What they are testing: One of the most deal-specific concepts in FDD—and one that causes more post-closing disputes than almost any other.
Strong answer: The working capital peg is the agreed "normal" level of working capital that the seller is expected to deliver at closing. If the actual working capital at closing is above the peg, the seller receives additional consideration. If it is below the peg, the buyer deducts the shortfall from the equity price.
The peg is typically set based on an LTM (last twelve months) average of the target's working capital, though the precise methodology is negotiated. FDD's role is to determine what the appropriate peg level should be—taking into account seasonality, growth, and any working capital items that are not genuinely operational.
Why it matters: working capital disputes are the most frequent source of post-closing litigation in M&A. A peg set too high benefits the seller; set too low, it benefits the buyer. FDD needs to be rigorous in establishing what is and is not working capital, and what the LTM average genuinely represents.
Question 5: You see a significant revenue spike in one quarter of the historical data. How do you investigate it?
What they are testing: Your analytical instinct and your ability to structure an investigation.
Strong answer: A revenue spike is a flag, not a finding—it could be explained by something entirely legitimate, or it could indicate a problem with revenue quality.
I would start by disaggregating the spike: Is it driven by volume, price, or mix? Is it in a specific customer, product, or geography? Does it correspond to a disclosed event—a new contract, a price increase, or a seasonal pattern that was unusually strong in that period?
I would then request the underlying sales data for that quarter: customer-level revenue, contract documentation if it was a major customer win, and the corresponding cash flow to verify that revenue recognised translated to actual cash receipts.
If the revenue is real, legitimate, and non-recurring, it becomes a normalisation candidate in QoE. If it reflects pulled-forward revenue from future periods, or revenue recognised on a contract that has since been cancelled, it is a revenue quality risk that could significantly reduce adjusted EBITDA.
Questions 6–10: Rapid-Fire with Answer Principles
Question 6: What is the difference between FDD and an audit?

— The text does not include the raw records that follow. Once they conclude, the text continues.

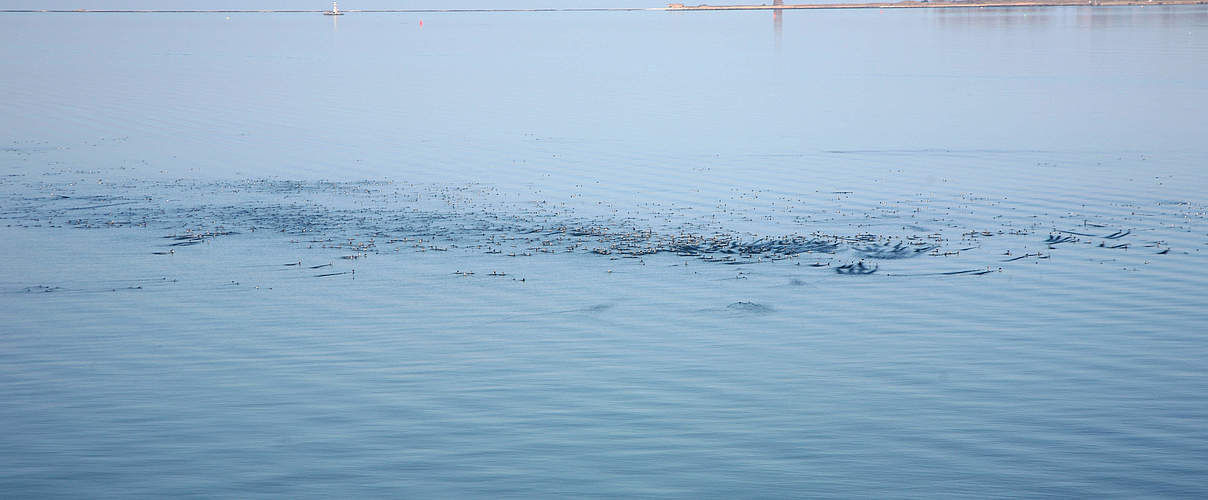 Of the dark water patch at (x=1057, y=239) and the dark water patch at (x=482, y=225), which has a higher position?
the dark water patch at (x=482, y=225)

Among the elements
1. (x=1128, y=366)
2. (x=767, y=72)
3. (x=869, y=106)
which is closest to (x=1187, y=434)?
(x=1128, y=366)

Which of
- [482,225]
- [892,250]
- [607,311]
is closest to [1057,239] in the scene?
[892,250]

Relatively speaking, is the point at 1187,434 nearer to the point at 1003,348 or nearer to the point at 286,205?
the point at 1003,348

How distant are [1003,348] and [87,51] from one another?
166314 millimetres

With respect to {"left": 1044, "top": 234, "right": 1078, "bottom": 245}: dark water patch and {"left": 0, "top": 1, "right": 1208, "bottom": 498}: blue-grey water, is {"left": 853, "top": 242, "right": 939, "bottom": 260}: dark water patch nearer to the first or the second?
{"left": 0, "top": 1, "right": 1208, "bottom": 498}: blue-grey water

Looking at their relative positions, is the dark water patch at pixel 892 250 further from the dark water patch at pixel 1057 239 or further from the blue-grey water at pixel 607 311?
the dark water patch at pixel 1057 239

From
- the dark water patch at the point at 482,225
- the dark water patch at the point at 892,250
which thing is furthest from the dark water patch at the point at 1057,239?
the dark water patch at the point at 892,250

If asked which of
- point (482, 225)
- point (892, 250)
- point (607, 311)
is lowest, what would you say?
point (607, 311)

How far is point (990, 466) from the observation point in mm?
22469

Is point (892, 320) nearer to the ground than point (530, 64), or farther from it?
nearer to the ground

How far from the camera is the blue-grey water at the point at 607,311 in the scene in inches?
901

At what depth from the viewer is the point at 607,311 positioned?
107 ft

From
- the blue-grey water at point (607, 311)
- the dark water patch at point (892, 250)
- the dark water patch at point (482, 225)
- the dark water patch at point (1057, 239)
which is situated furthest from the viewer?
the dark water patch at point (1057, 239)

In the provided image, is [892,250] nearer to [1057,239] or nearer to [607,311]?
[1057,239] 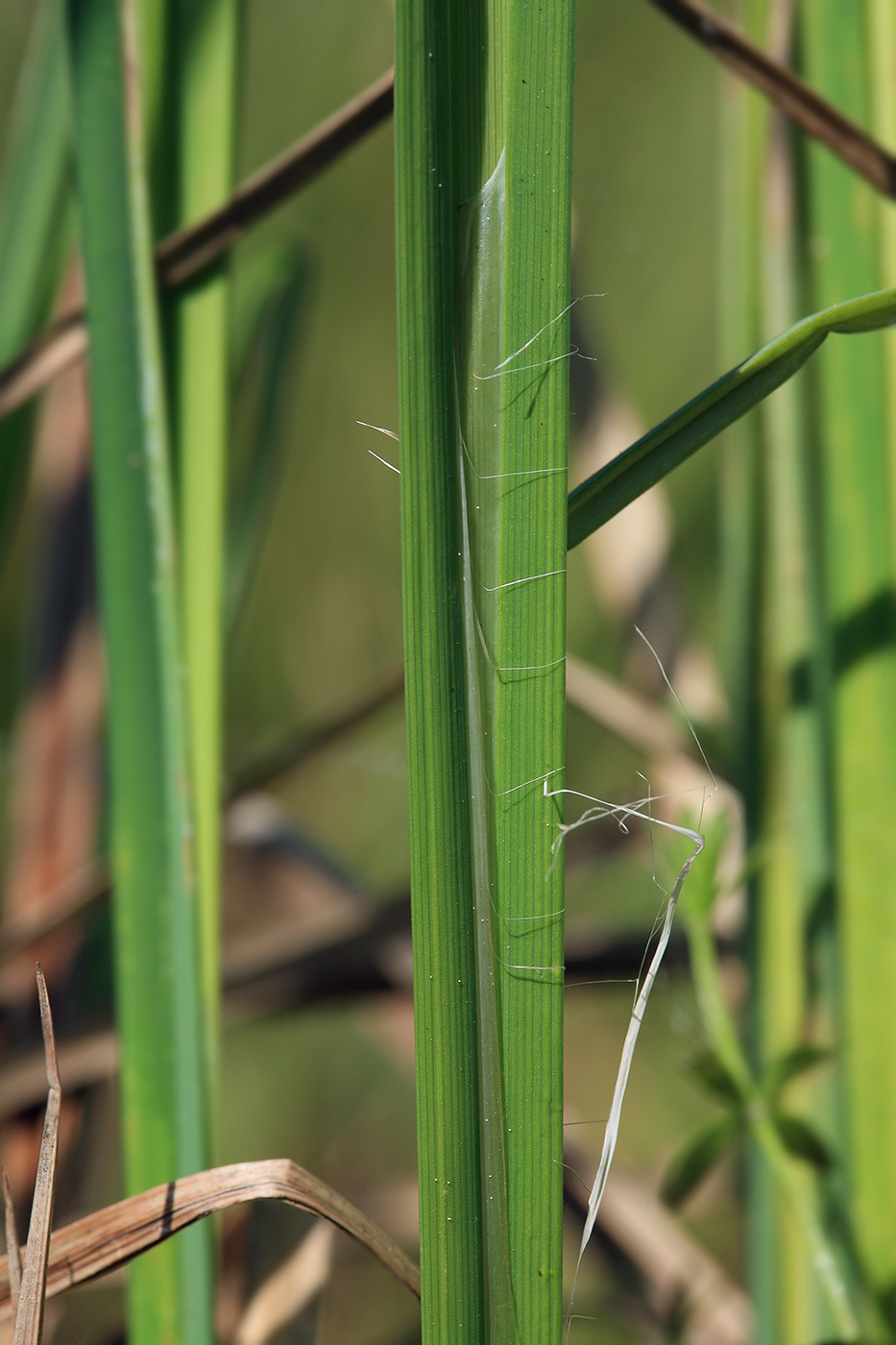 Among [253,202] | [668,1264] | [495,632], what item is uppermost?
[253,202]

Key principle: FDD is buyer-side advisory—it provides insights, not assurance. The auditor verifies compliance with accounting standards. The FDD advisor independently assesses financial quality and commercial risk on behalf of the buyer. FDD professionals are not bound by auditing standards and are free to challenge management representations.

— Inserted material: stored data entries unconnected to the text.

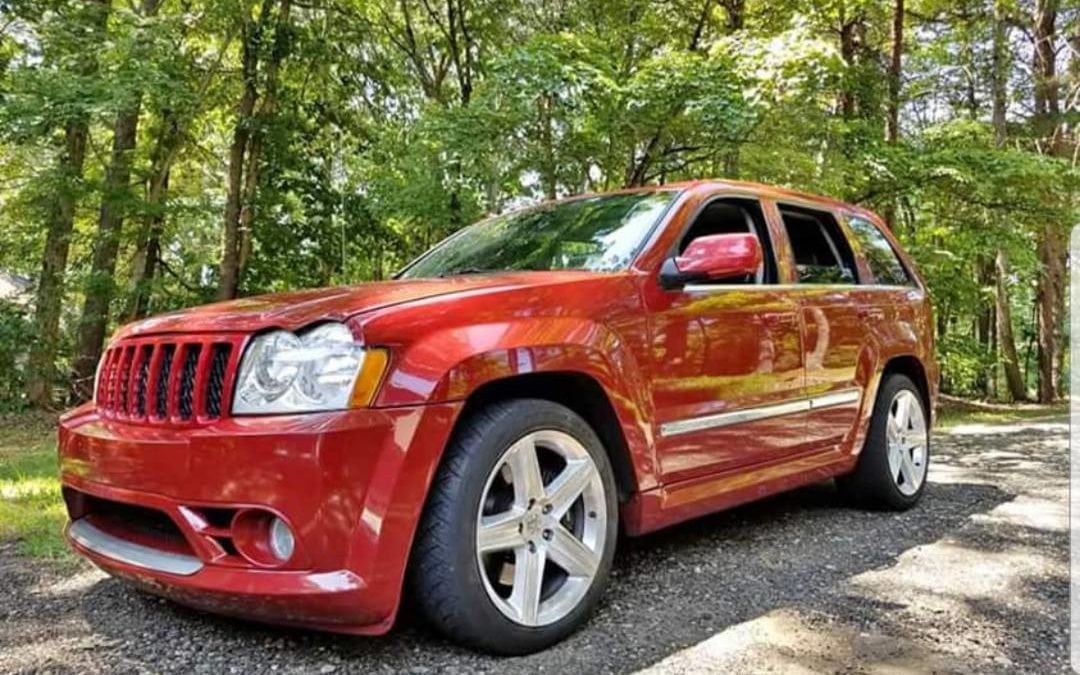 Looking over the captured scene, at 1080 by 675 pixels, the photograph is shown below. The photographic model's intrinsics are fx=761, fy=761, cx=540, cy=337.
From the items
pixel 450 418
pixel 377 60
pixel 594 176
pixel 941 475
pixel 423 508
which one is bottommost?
pixel 941 475

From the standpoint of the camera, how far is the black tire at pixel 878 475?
400cm

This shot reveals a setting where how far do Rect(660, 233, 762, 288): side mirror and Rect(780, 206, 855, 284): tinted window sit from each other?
3.28 ft

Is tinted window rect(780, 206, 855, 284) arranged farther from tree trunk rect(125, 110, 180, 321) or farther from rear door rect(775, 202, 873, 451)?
tree trunk rect(125, 110, 180, 321)

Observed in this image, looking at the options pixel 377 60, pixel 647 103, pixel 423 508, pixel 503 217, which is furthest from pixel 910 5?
pixel 423 508

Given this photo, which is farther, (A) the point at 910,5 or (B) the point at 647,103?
(A) the point at 910,5

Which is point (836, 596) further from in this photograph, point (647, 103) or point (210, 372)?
point (647, 103)

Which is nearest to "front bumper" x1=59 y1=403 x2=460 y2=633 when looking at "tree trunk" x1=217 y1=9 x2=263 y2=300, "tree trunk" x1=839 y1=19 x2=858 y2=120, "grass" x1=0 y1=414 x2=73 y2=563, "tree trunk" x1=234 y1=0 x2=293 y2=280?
"grass" x1=0 y1=414 x2=73 y2=563

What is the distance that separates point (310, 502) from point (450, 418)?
1.39ft

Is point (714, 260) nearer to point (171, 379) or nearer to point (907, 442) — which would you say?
point (171, 379)

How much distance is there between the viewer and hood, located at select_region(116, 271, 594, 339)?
2105 mm

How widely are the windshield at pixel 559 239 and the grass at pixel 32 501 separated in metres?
1.97

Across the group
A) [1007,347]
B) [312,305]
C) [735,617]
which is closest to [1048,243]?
[1007,347]

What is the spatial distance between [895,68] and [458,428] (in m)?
11.6

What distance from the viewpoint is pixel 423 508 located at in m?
2.09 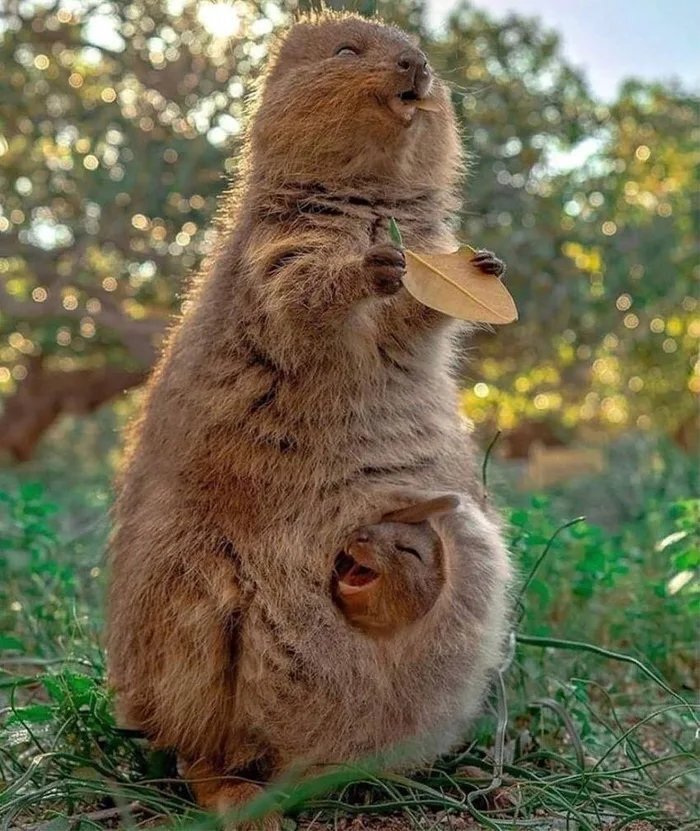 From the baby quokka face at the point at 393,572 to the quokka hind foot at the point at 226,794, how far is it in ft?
1.36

Question 7: Tell me about a time you found an error or inconsistency in a financial analysis.
Key principle: Be specific. Use a real example—even from academic work or internship experience. Show that you flagged it, investigated the root cause, corrected it, and communicated the finding. What they are looking for is attention to detail plus the judgment to know when something matters commercially.
Question 8: How would you present a finding to a client that significantly reduces the deal value?
Key principle: Factually, clearly, and without editorialising. Your job is to report what the analysis shows—not to manage the client's reaction to it. Frame the finding in terms of its commercial implication (what it means for valuation or deal structure) and its evidential basis (where the data comes from and why the conclusion is supported).
Question 9: What sectors or deal types are most active in Indian M&A right now?
Key principle: Do your research before every interview. Know the major transactions in the past twelve months, the most active PE funds in India, and the sector trends driving deal activity. Generic answers here are a red flag. Specificity signals genuine engagement with the market.
Question 10: Why transaction services rather than investment banking?
Key principle: Answer honestly and specifically. "I want to learn how businesses really work" is weak. "I am drawn to the analytical depth of FDD, and I find the challenge of forming an independent financial view under commercial pressure more interesting than the deal origination focus of investment banking" is a credible answer that reflects actual self-awareness.